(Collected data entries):
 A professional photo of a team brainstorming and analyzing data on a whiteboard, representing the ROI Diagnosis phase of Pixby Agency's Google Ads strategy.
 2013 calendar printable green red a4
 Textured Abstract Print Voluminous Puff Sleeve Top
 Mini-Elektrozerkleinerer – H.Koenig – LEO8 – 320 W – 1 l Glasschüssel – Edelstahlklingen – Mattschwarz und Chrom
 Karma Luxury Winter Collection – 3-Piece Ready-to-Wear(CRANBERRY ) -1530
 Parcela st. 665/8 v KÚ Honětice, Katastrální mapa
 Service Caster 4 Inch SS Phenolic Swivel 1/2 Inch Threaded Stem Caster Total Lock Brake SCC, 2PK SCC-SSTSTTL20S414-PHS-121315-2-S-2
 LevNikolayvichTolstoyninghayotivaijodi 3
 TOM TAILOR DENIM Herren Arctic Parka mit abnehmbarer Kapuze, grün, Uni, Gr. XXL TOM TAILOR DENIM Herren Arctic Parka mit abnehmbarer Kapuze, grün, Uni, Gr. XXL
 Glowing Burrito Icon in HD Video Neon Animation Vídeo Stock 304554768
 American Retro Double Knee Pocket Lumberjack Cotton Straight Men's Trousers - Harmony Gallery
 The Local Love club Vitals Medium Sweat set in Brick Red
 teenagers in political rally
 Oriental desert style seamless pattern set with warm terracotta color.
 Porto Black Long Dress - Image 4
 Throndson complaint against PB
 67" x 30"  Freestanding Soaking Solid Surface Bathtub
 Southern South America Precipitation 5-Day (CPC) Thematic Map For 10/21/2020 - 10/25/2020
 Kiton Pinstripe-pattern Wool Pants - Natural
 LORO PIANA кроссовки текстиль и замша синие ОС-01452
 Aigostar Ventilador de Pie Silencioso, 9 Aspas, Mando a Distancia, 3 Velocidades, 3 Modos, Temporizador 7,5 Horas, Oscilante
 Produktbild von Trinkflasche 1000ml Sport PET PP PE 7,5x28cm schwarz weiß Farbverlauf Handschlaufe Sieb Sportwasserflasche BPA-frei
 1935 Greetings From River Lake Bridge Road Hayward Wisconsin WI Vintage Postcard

(GOAL OF THE EXERCISE):
Search the entries for the line holding "Oriental desert style". Return that line and the ones after it through the last, exactly.

(THE COMPLETED TASK):
 Oriental desert style seamless pattern set with warm terracotta color.
 Porto Black Long Dress - Image 4
 Throndson complaint against PB
 67" x 30"  Freestanding Soaking Solid Surface Bathtub
 Southern South America Precipitation 5-Day (CPC) Thematic Map For 10/21/2020 - 10/25/2020
 Kiton Pinstripe-pattern Wool Pants - Natural
 LORO PIANA кроссовки текстиль и замша синие ОС-01452
 Aigostar Ventilador de Pie Silencioso, 9 Aspas, Mando a Distancia, 3 Velocidades, 3 Modos, Temporizador 7,5 Horas, Oscilante
 Produktbild von Trinkflasche 1000ml Sport PET PP PE 7,5x28cm schwarz weiß Farbverlauf Handschlaufe Sieb Sportwasserflasche BPA-frei
 1935 Greetings From River Lake Bridge Road Hayward Wisconsin WI Vintage Postcard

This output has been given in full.